— Assignment —
Exclude the pictures and repeat all of the data exactly.

"""

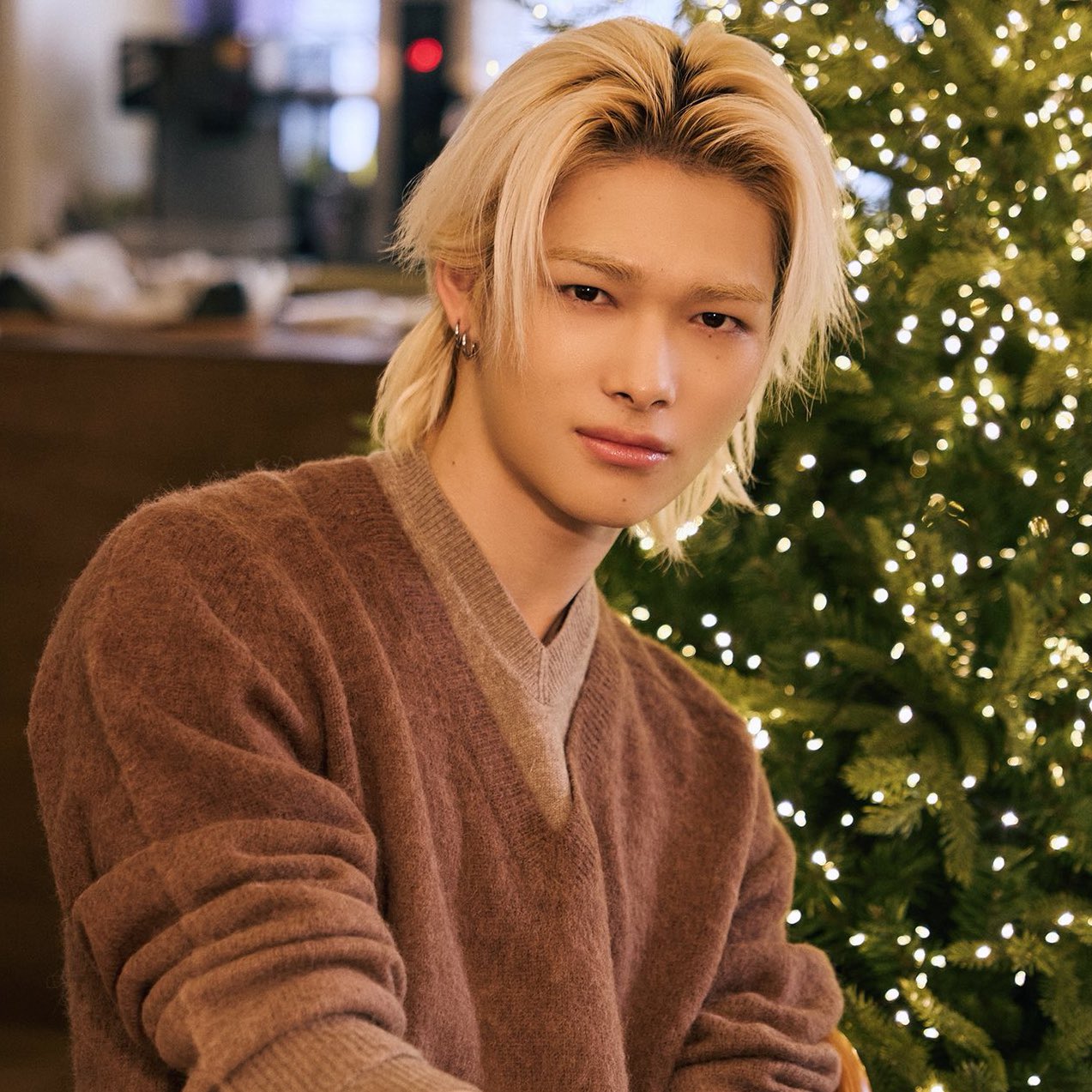 Behind-the-scenes cut of NI-KI (ENHYPEN)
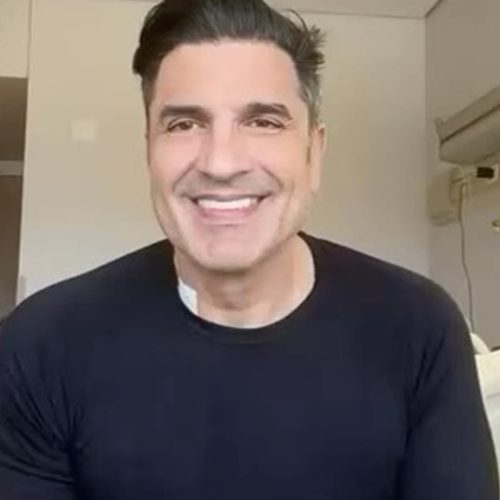 Edu Guedes Revela o Papel da Fé no Combate ao Câncer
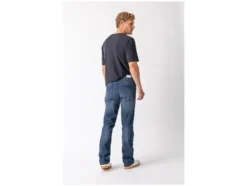 Herren Jeans Regular Fit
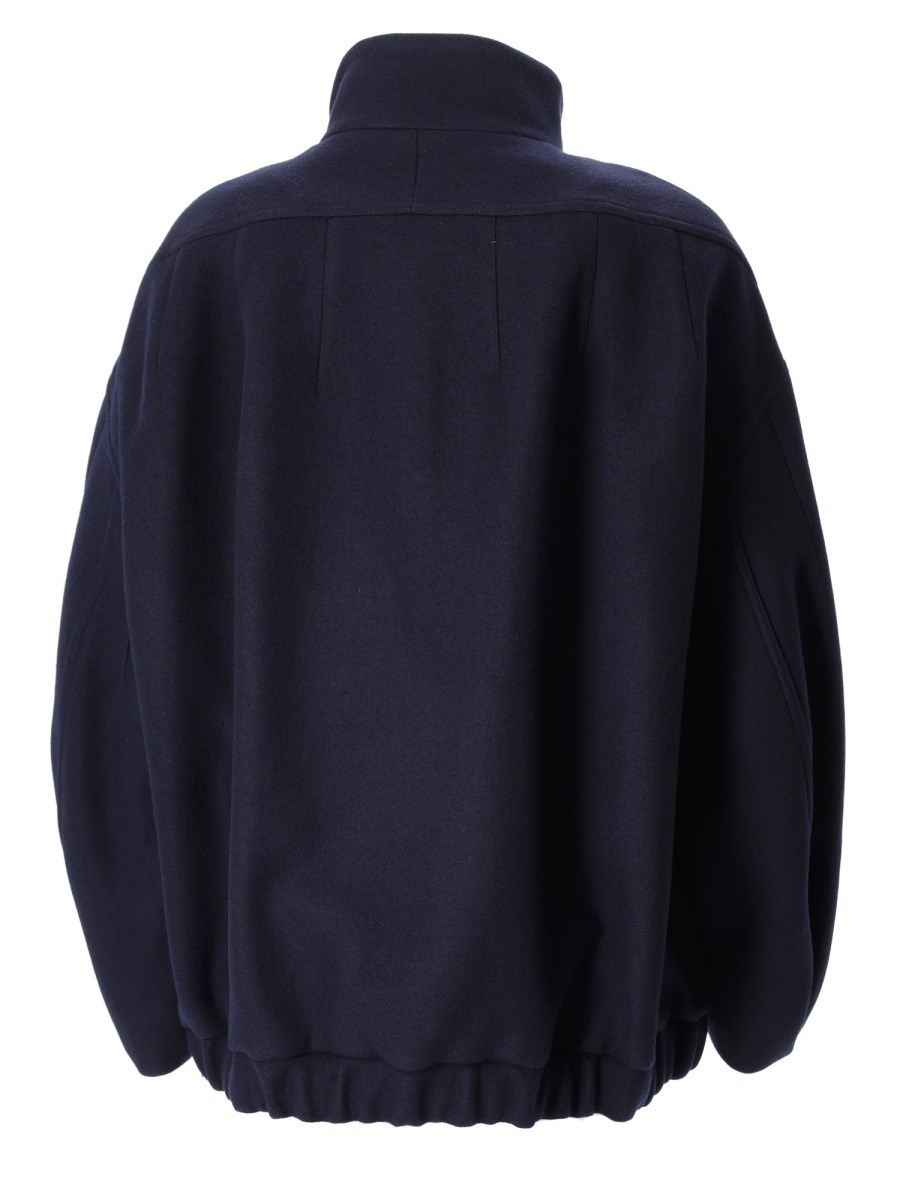 Blouson Voles Oversize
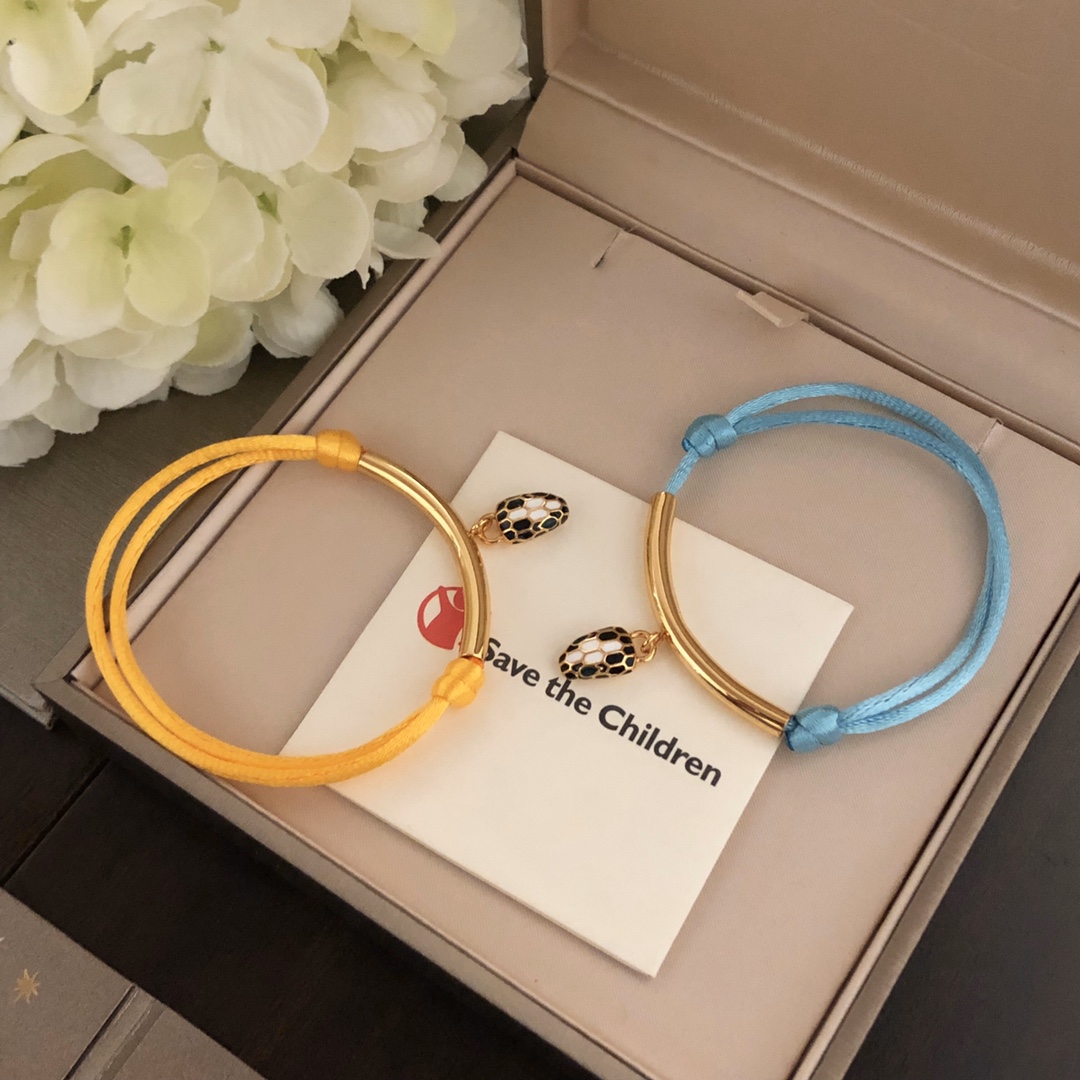 Bottega Veneta Bracelet-74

"""

— Output of the task —
 Behind-the-scenes cut of NI-KI (ENHYPEN)
 Edu Guedes Revela o Papel da Fé no Combate ao Câncer
 Herren Jeans Regular Fit
 Blouson Voles Oversize
 Bottega Veneta Bracelet-74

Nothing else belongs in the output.